Follow us and we'll share our adventure and suitcase lifestyle with you!
ARGENTINA: BUENOS AIRES: CAPITAL PLAGUED BY CRIME WAVE
Spanish/Nat
Argentina's capital, Buenos Aires, long considered a safe haven compared to other more dangerous South American cities is being plagued by a crime wave.
Only this week a bomb was discovered outside the British Embassy in Buenos Aires.
In response, the government has stepped up security in the capital calling on the army and border guards to boost security forces.
Since Argentina's military dictatorship ended in 1983 the army has kept a low profile.
But this week the government called up military reinforcements to help boost security in Buenos Aires.
In the last year crime has surged in the Argentine capital and the police have been unable to control the increased violence.

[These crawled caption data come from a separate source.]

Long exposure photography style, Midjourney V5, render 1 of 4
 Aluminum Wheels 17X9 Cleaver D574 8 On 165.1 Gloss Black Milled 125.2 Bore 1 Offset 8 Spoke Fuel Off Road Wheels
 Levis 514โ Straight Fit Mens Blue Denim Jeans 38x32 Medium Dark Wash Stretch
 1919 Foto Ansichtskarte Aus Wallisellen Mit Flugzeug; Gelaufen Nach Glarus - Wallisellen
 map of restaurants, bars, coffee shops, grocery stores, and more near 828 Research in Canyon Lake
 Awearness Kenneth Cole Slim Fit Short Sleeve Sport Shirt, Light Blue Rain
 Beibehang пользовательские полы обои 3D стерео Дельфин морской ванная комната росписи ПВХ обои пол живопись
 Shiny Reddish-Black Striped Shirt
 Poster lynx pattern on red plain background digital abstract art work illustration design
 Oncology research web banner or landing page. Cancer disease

The Jewish community was particularly targeted in the early 1990s, and security forces have been deployed to buildings linked to this community and Arab institutions.
From now on, this Jewish hospital will have a round the clock police guard.
Secretary of Security Juan Pelacci tried to reassure the nation that the government was responding.
SOUNDBITE: (Spanish)
It's not something new in the world but it is hitting our communities really hard. And from now on together, in solidarity, united, the men of the security forces and of the Argentine Federal Police - the forces of the national government - are responding and will guarantee the protection and guardianship of all inhabitants within the law and rules.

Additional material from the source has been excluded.